_Exercise directions_
Reproduce the listing in full. Omit the pictures.

_Material provided_

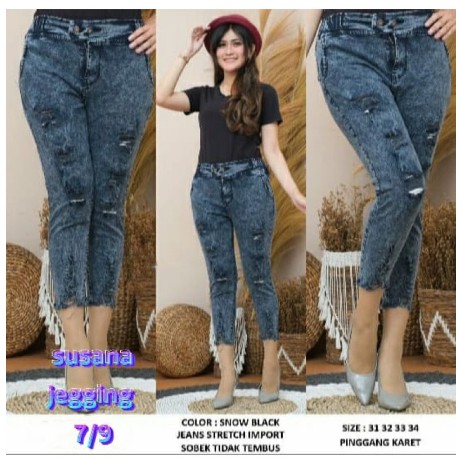 Celana 7/9 Jeans . Susana Jegging . Jeans 7/9 melar Jegging Murah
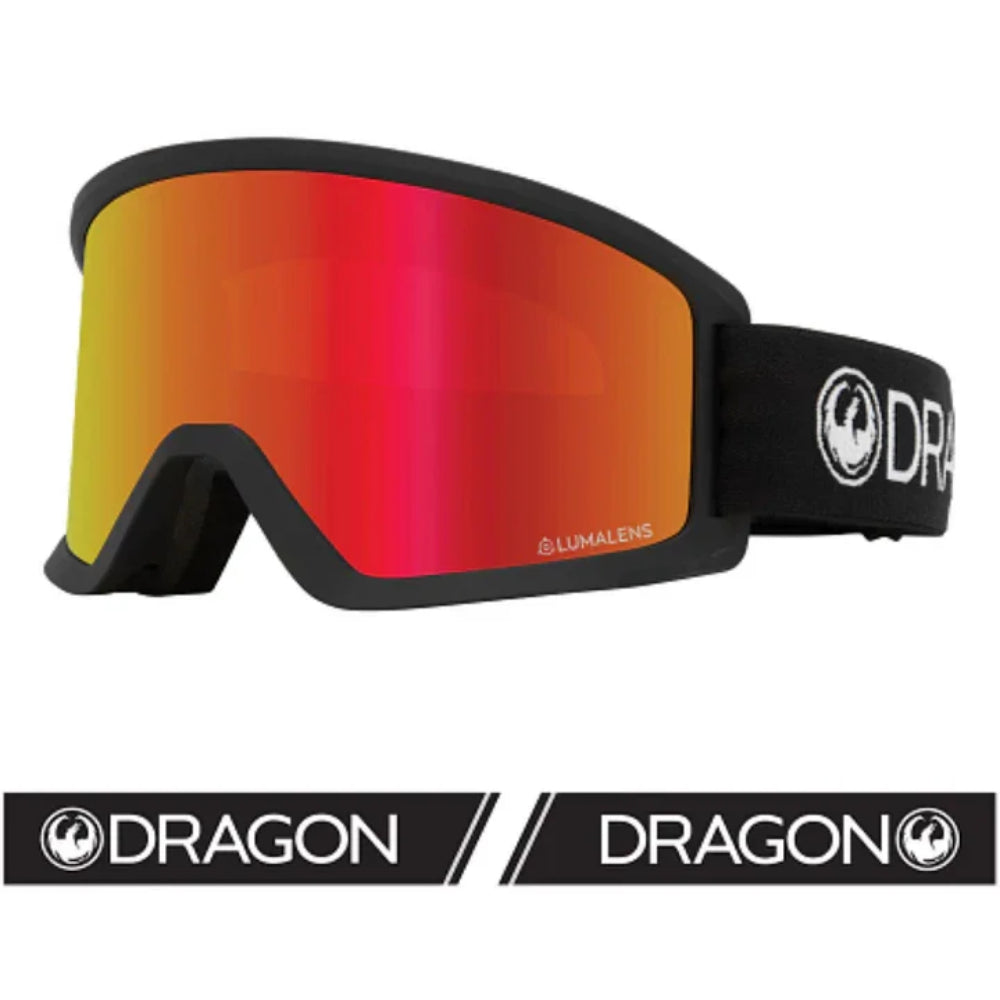 The Dragon DXT OTG Goggles 2023 in Black Goggle Lumalens Red Ion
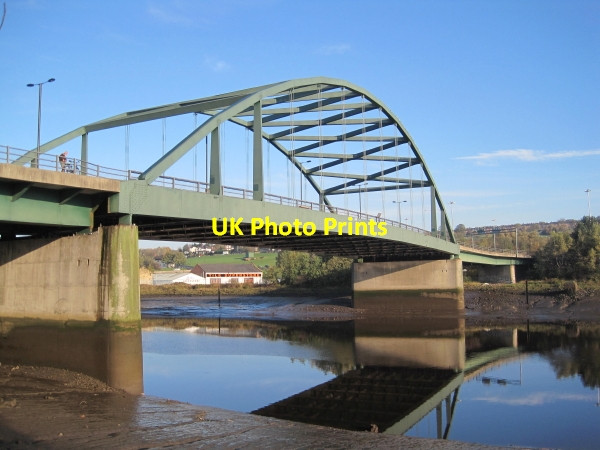 Photo 6"x4" Scotswood Bridge and the River Tyne Blaydon c2011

_Written solution_
 Celana 7/9 Jeans . Susana Jegging . Jeans 7/9 melar Jegging Murah
 The Dragon DXT OTG Goggles 2023 in Black Goggle Lumalens Red Ion
 Photo 6"x4" Scotswood Bridge and the River Tyne Blaydon c2011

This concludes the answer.